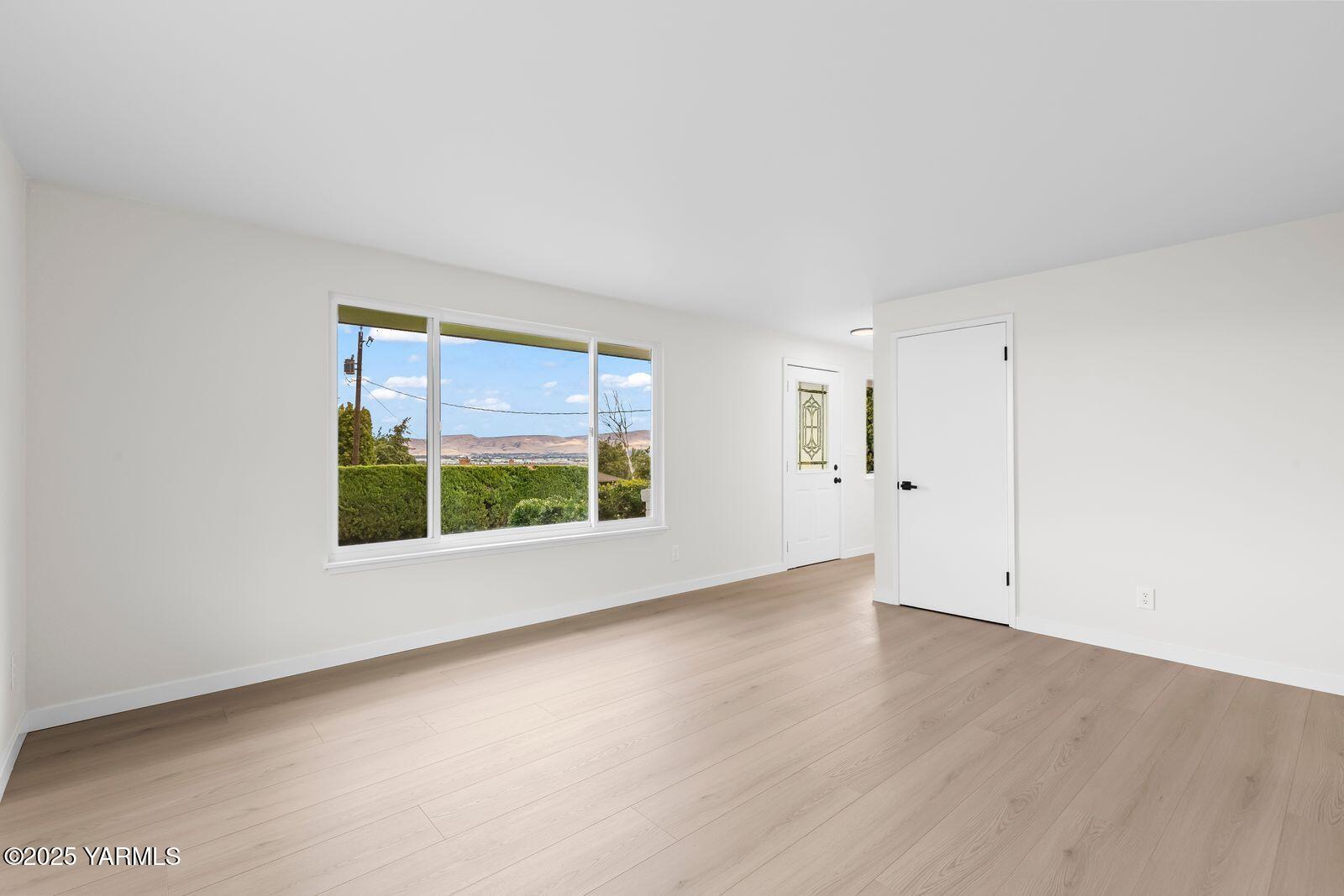 602 Meadowbrook Road Yakima, WA 98903 - Photo 21 of 42 an empty room with wooden floor and windows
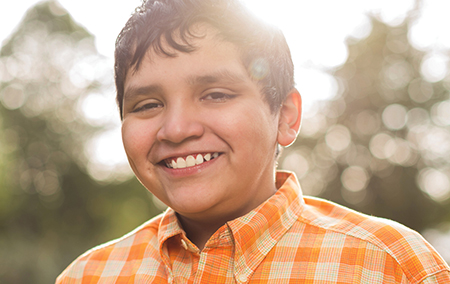 A photo of a young boy outside on a sunny day smiling.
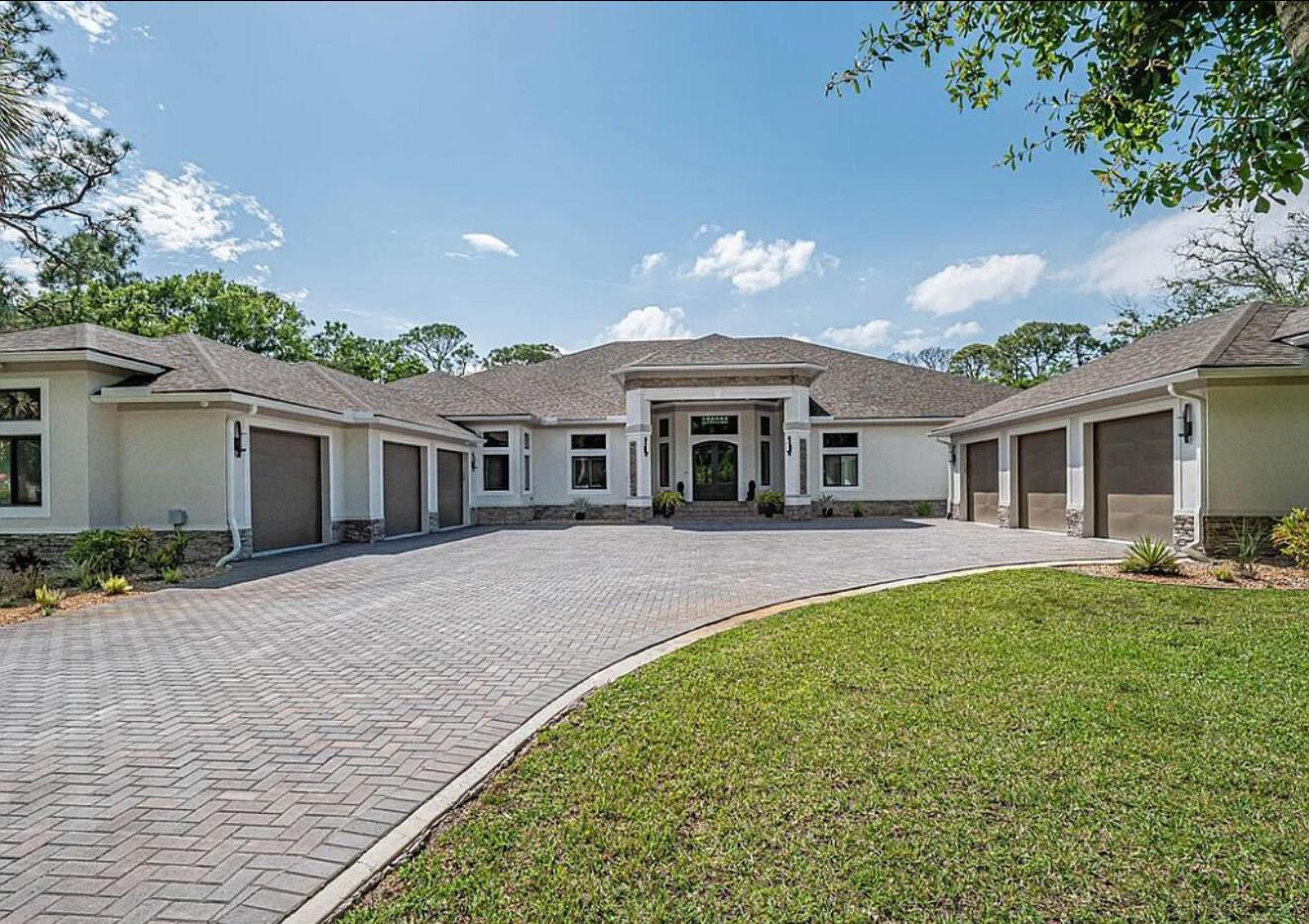 A large single-story house with a paved driveway and six garage bays — 145 24th Avenue, Vero Beach FL 32962, VERO BEACH, FL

....

A verbatim copy of the data, pictures removed, is the expected result.

 602 Meadowbrook Road Yakima, WA 98903 - Photo 21 of 42 an empty room with wooden floor and windows
 A photo of a young boy outside on a sunny day smiling.
 A large single-story house with a paved driveway and six garage bays — 145 24th Avenue, Vero Beach FL 32962, VERO BEACH, FL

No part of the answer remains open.